The Elementary Teachers’ Federation of Ontario passed a motion at its annual meeting last week calling on all school districts in Ontario to rename schools and buildings named after Sir John A. Macdonald.
The union said it wants the name change because of what it calls Macdonald’s role as the “architect of genocide against Indigenous Peoples.” Macdonald was prime minister during the time the federal government approved the first residential schools in the country.
Felipe Pareja, the teacher who brought forward the motion, said the vote on the matter was not unanimous.
“It was a healthy debate, it was by no means one-sided,” said Pareja, a french teacher in the Peel District School Board. “But ultimately when the vote was called, the floor voted clearly to adopt the motion.”
— Felipe Pareja (@FAPareja) August 19, 2017
Pareja says that Macdonald’s part in establishing the Indian Act, as well as his part in Indigenous peoples’ suffering when their land was being taken for Canada’s national railway are “darker” sides of Macdonald’s history that need to be addressed.
“There’s no doubt, they’re not comfortable things to talk about, but it doesn’t make them any less necessary to talk about and to acknowledge,” said Pareja. “This really is something that we see as being in the context of (truth and reconciliation) more than anything else.”

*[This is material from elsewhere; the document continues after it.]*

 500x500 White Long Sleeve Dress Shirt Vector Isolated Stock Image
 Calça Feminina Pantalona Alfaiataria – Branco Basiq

Pareja also said it might be difficult for Indigenous students and teachers to go to a school named after someone who he says was complicit in the genocide of Indigenous people.
The ETFO passed Pareja’s motion as a recommendation, which means it will now be up to different school boards across Ontario to decide whether they implement the change or not.

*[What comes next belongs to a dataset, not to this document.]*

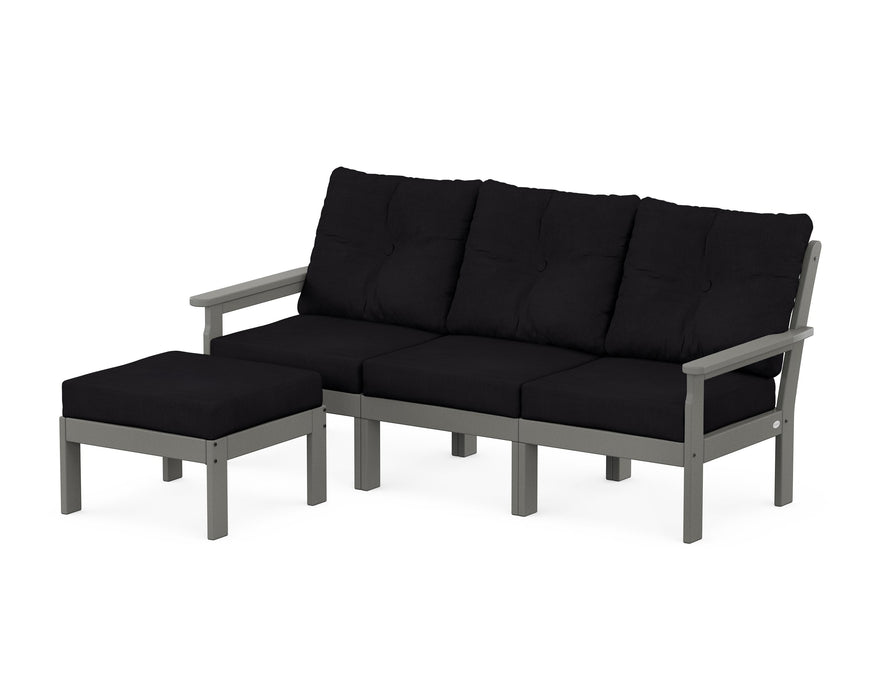 POLYWOOD Vineyard 4-Piece Sectional with Ottoman in Slate Grey / Midnight Linen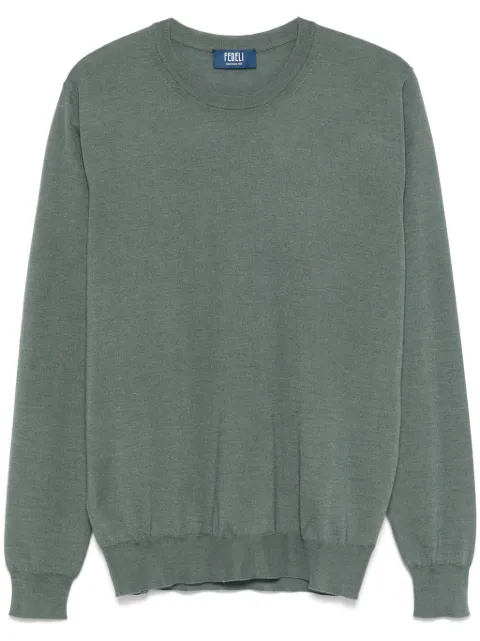 Fedeli fine-knit sweater Grey 8UE07119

The ETFO’s call comes after a student-led campaign at Toronto’s Ryerson University last month pushed for the school to change its name out of respect for residential school survivors.
The downtown university is named for Egerton Ryerson, a pioneer of public education in Ontario who is widely believed to have helped shape residential school policy through his ideas on education for Indigenous children.

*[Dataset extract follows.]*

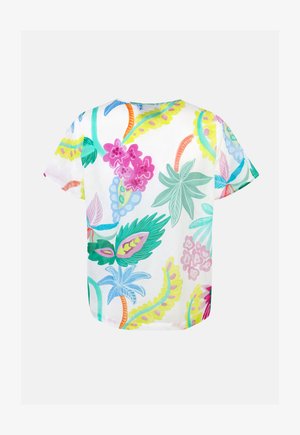 Weiße Bluse mit kurzen Ärmeln und buntem tropischem Blumenmuster in Pink, Grün, Gelb, Blau und Orange auf der Rückseite.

And in June, the name of founding father Hector-Louis Langevin was stripped from the building that houses the Prime Minister’s Office on Parliament Hill. Langevin argued for a separate school system with a specific mandate to assimilate Indigenous children.
Pareja said the Macdonald issue, if acted upon by school boards, wouldn’t be the first case of a motion in the teachers’ union leading to change.
Last year, he said a motion passed by the federation led to Chinguacousy Secondary School in Brampton, Ont. changing their sports teams’ names from the “Chinguacousy Chiefs,” because it was seen as hurtful to Indigenous people.